I tried it briefly on windows. It's straightforward to set up and looks quite good. Java based UI is ugly as sin. Analyzing a full firmware takes a long time.

Some scripts / extensions would probably be helpful, for example to name functions based on funcs_by_*.csv. I haven't explored this aspect, but it's supposed to be quite extensible. see below

Install / setup:
* Download and unzip file from https://www.ghidra-sre.org/
* Download and unzip current JDK https://jdk.java.net/11/
* Run ghidraRun.bat -  it will prompt for JDK location if needed

Loading a dump
* New project, not shared (shared could be interesting...)
* Pick a directory. It will use significant diskspace (e.g ~500mb after initial analsys)
* With the project selected, choose file, import file, select primary.bin. I'm using sx710 here
* Format - raw binary
* Language ARM v7 32 bit little endian default (Digic 6 is v7, earlier should be v5)
* Options - Block name ROM, Base address = ROMBASADDR (0xfc000000) File offset 0
* Double click on primary bin to open in default tool (code browser)
* It will prompt you to analyze. I clicked NO because I want to add additional copied code first.
* File -> Add to Program. PRIMARY.BIN again
* Options - Name RAMCODE, values from stubs entry: Base  0x010e1000, offset 0xd4742c (copied from adr - base), length 158672 (dec!)
* File -> Add to Program. PRIMARY.BIN again
* Options - Name BTCMCODE, values from stubs entry: Base  0xbfe10800, offset 0xd6dffc (copied from adr - base), length 27674 (dec, rounded up)
* File -> Add to Program. PRIMARY.BIN again
* Options - Name RAMDATA, values from stubs entry: Base  0x8000, offset 0xd1e5d4 (copied from adr - base), length 167512  (dec) (not sure this is useful just trying now)
* Tools - Window, memory map, uncheck X on RAMDATA
* Save
* Analysis - auto-analyze. I left the options at default, but just disassembling rather than decompiling might be a better initial choice.
* Go get a $beverage (like IDA, you can do stuff while it's analyzing, and it seems to prioritize what you have in view)

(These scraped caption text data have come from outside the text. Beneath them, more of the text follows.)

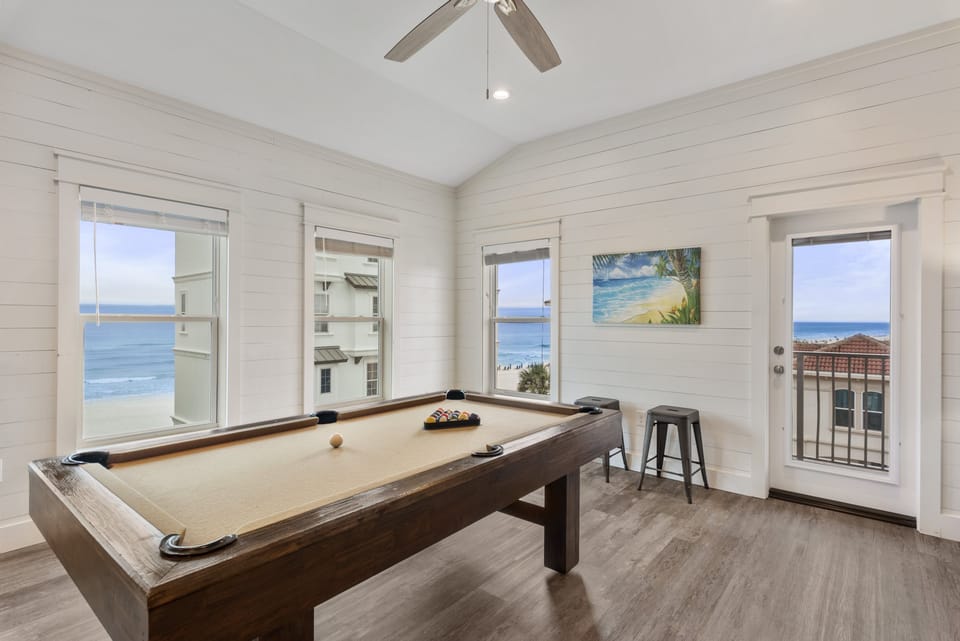 3rd Floor Game Room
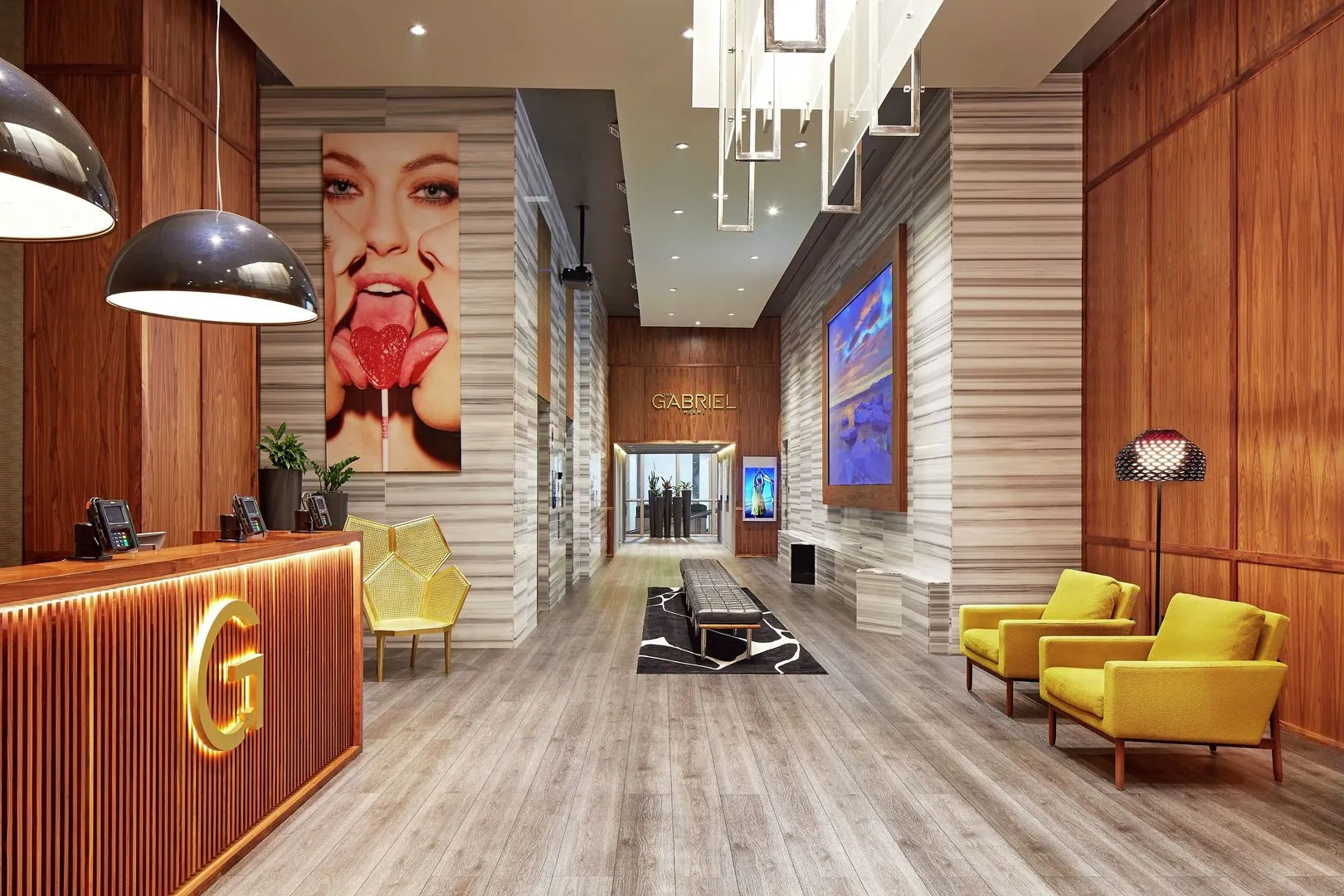 The Grayson Hotel Miami Downtown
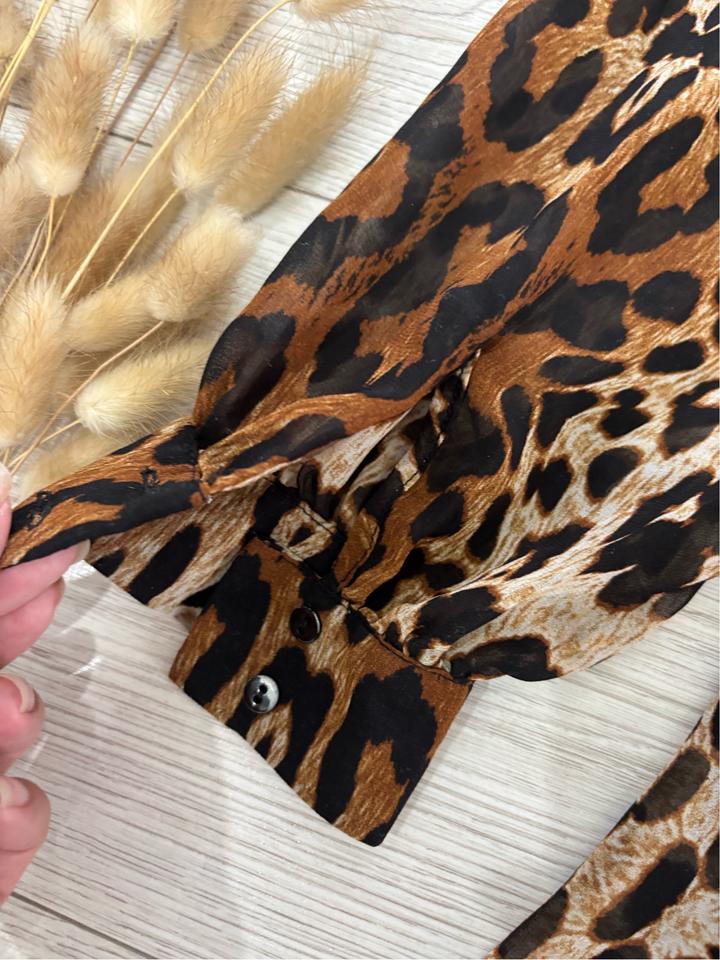 Платье шифон zara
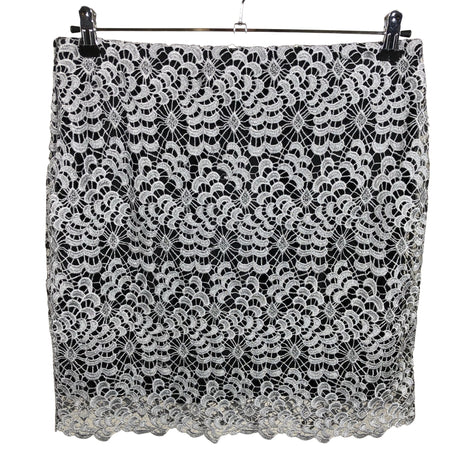 Unisex Bruuns Bazaar - Fabric skirt, size 42 - Gray (2)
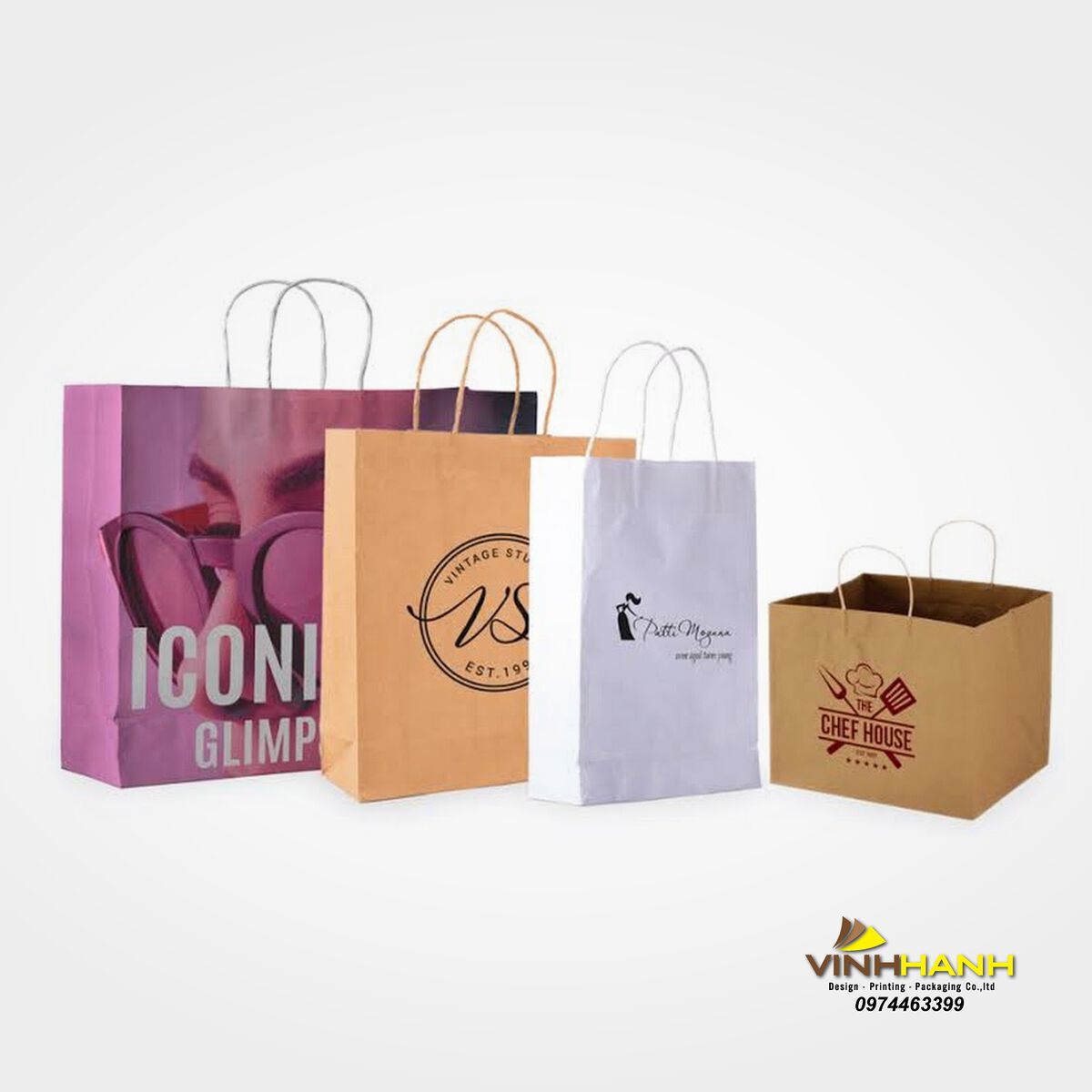 CLASSIC 2P (Shopping Bags, Paper Bags  Cups) – Seven-11 Industries –  Leading Manufacturer of Printing Inks  Press Chemicals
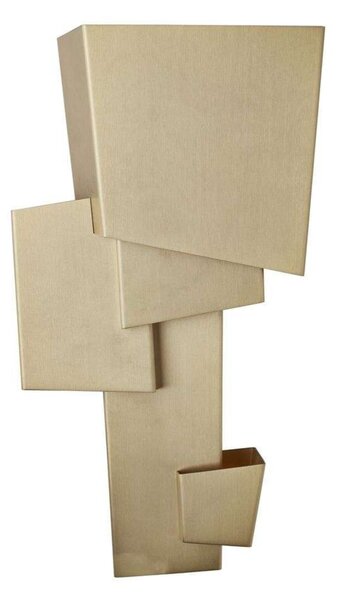 Applique da parete DCW, Dorato / Ottone, Soggiorno, Ottone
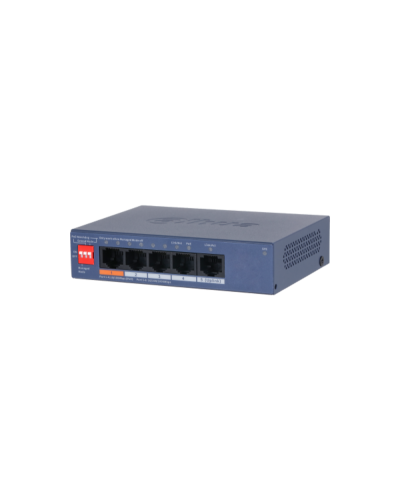 PoE коммутатор Dahua DH-CS4005-4ET1GT-60 в Чебоксарах Коммутаторы Pintop.ru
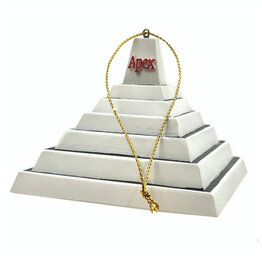 Apex Building Ornament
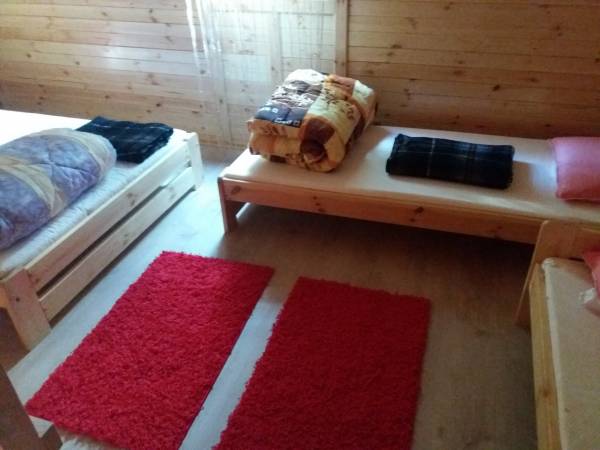 Domek z 1 sypialnią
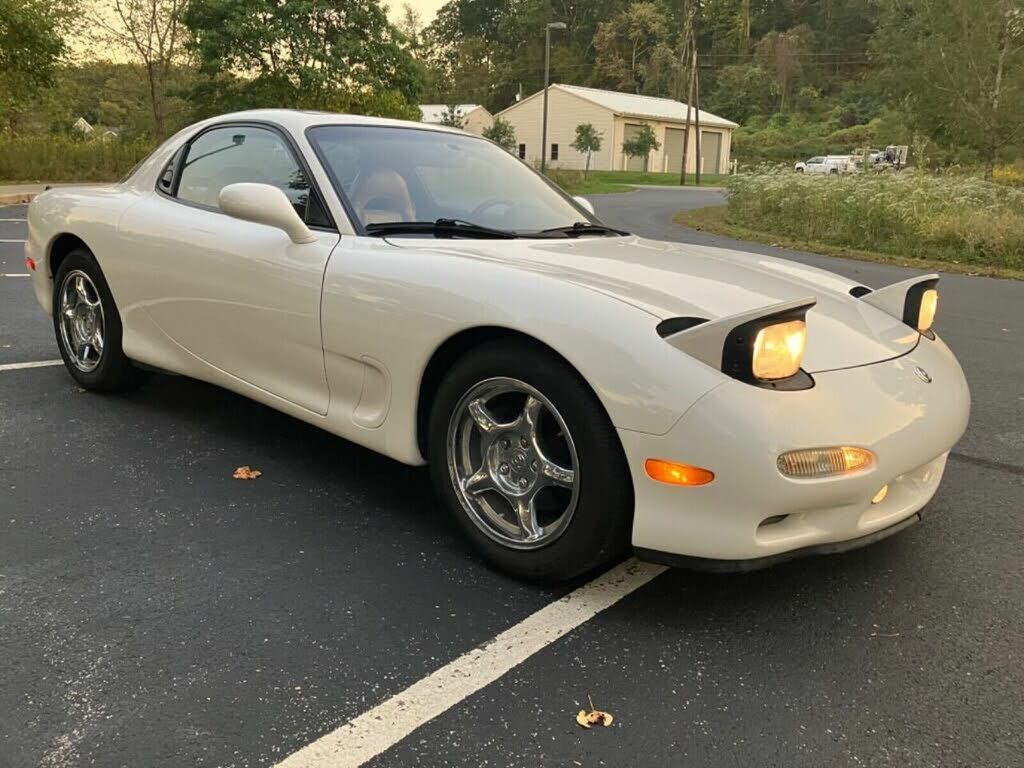 Mazda RX-7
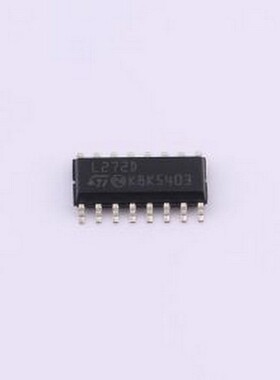 L272D 运算放大器 双功率运算放大器 SOIC-16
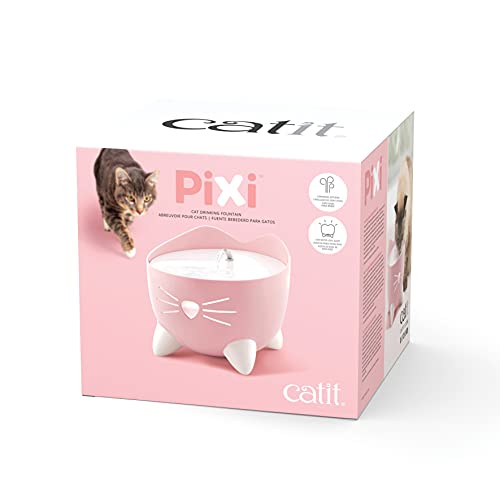 PIXI Cat Drinking Fountain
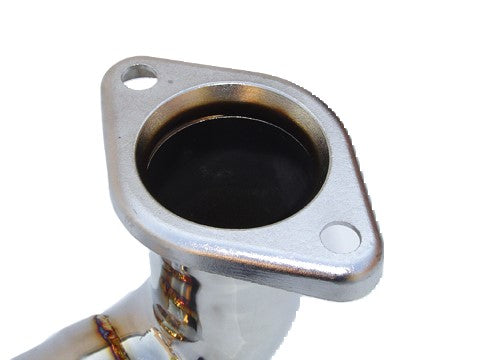 INDIBA インディバレス90mm Invidia 03-08 Mitsubishi EVO 8 9 Down pipe – My Store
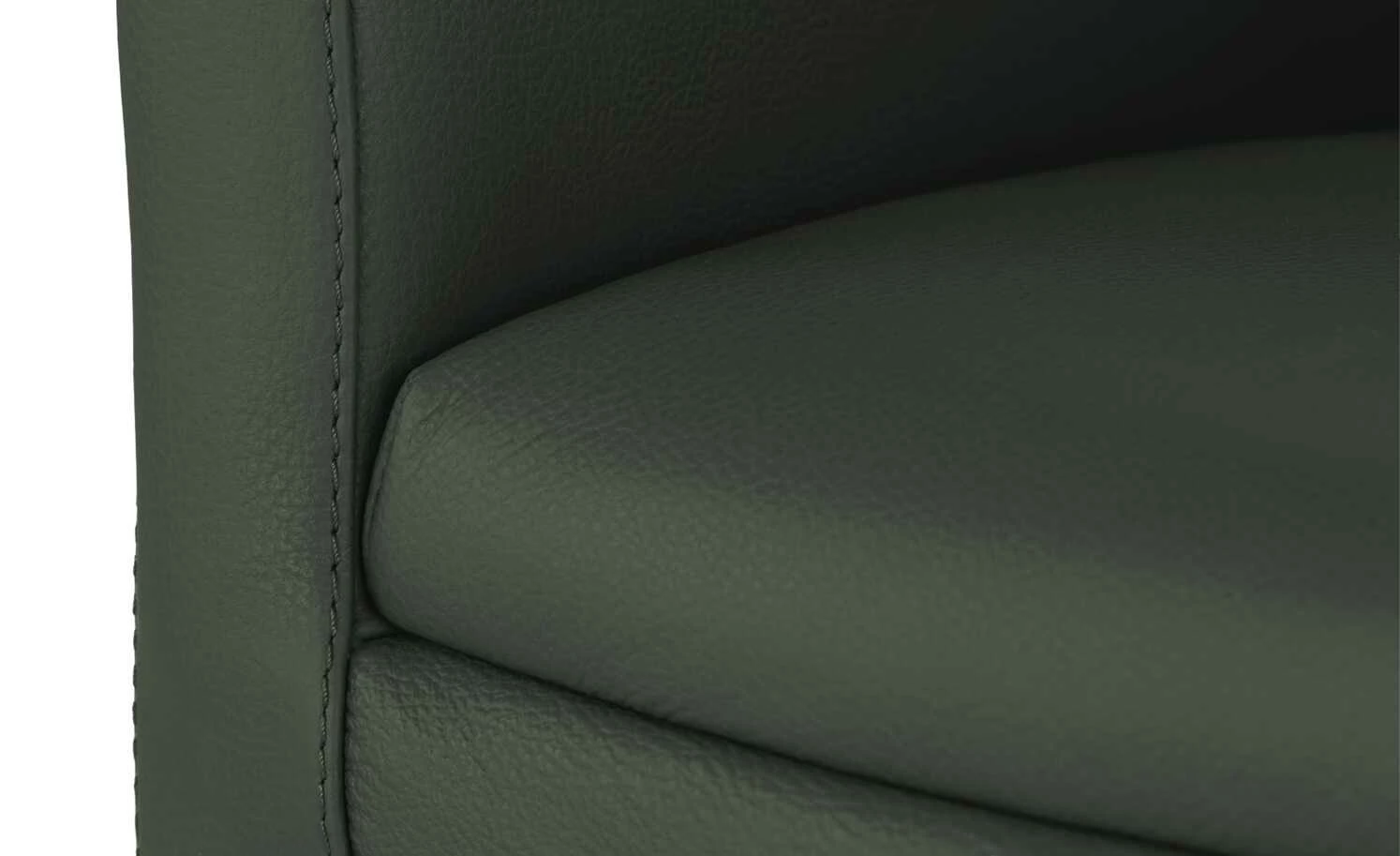 Wohnwert Leder-Schalenstuhl Jalto Wohnwert Leder-Schalenstuhl Jalto | Verde (Dunkelgrün) Nein -Stühle Verkäufe 2022 15301192 10 202107021243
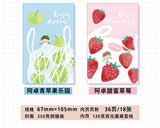 Molinta - M5 Reusable Sticker Book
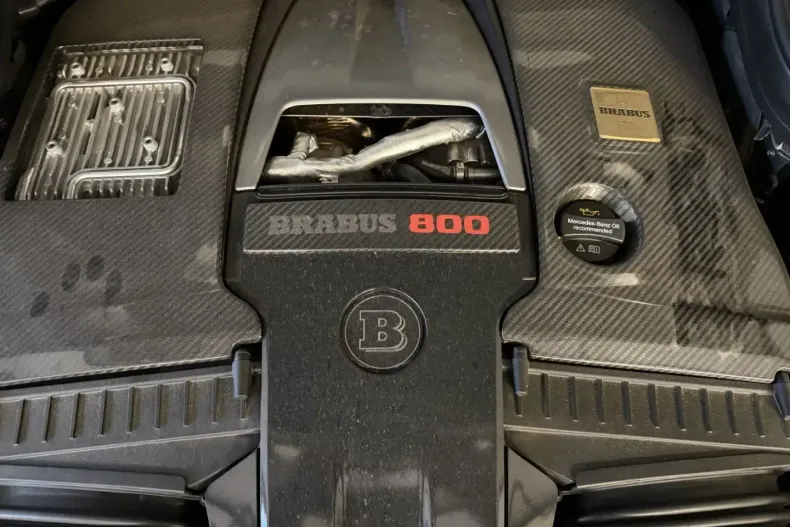 Mercedes-Benz GLS 63 din 2024 cu 19.000 km - oferta MER163607 - foto 11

One particularly interesting, potentially CHDK relevant thing in the docs is the "version tracking" section:

Quote
Version Tracking refers to the process used by reverse engineers to identify matching code or data between different software binaries. One common use case is to version track two different versions of the same binary. Alternatively, version tracking techniques can be used to check for the presence of of a particular piece of code within a given binary of interest.

edit:
Screenshot
« Last Edit: Yesterday at 19:42:27 by reyalp »
Don't forget what the H stands for.

*

Offline reyalp

  • ******
  • 11849
Re: Ghidra reverse engineering tool
« Reply #3 on: 10 / March / 2019, 18:16:03 »
Here's a ghidra python script to import funcs_by_address.csv.

To add:
Download somewhere.
Window -> Script manager.
Script directories (right click or bullet list icon)
Either copy the script into one of the defined directories, or add wherever you want to keep your scripts
Script should be recognized. You can use the refresh button if you add more scripts
Right click, run. Select the funcs_by_address.csv for your port
After it finishes, the functions from the CSV will be named in Ghidra

Note this is very basic, and my python and Ghidra knowledge is very limited...

edit:
Oops, first version didn't handle the thumb bit in the csv correctly. This one should. There's a commented line that will remove the bad ones if you already ran the old version

edit:
Some other useful things for scripting:
Window->python gives you an interactive python interpreter where you can use the script API.
Help->Ghidra API help gives you an API reference (though for Java)
« Last Edit: 10 / March / 2019, 20:06:25 by reyalp »
Don't forget what the H stands for.


*

Offline srsa_4c

  • ******
  • 3878
Re: Ghidra reverse engineering tool
« Reply #4 on: 11 / March / 2019, 14:55:20 »
Here's a ghidra python script to import funcs_by_address.csv.
Thanks for making that script.

Some pros/cons I found while using ghidra:
+ The decompiler is very useful
+ Function boundaries are recognized
- Could not find a way to customize the label prefix
- If I define a variable that consists of 2 registers, the disassembly becomes bogus (those registers are no longer displayed separately)
- LDR shows the constant's location even though I rarely care about it (the value is displayed on the same line but too far off)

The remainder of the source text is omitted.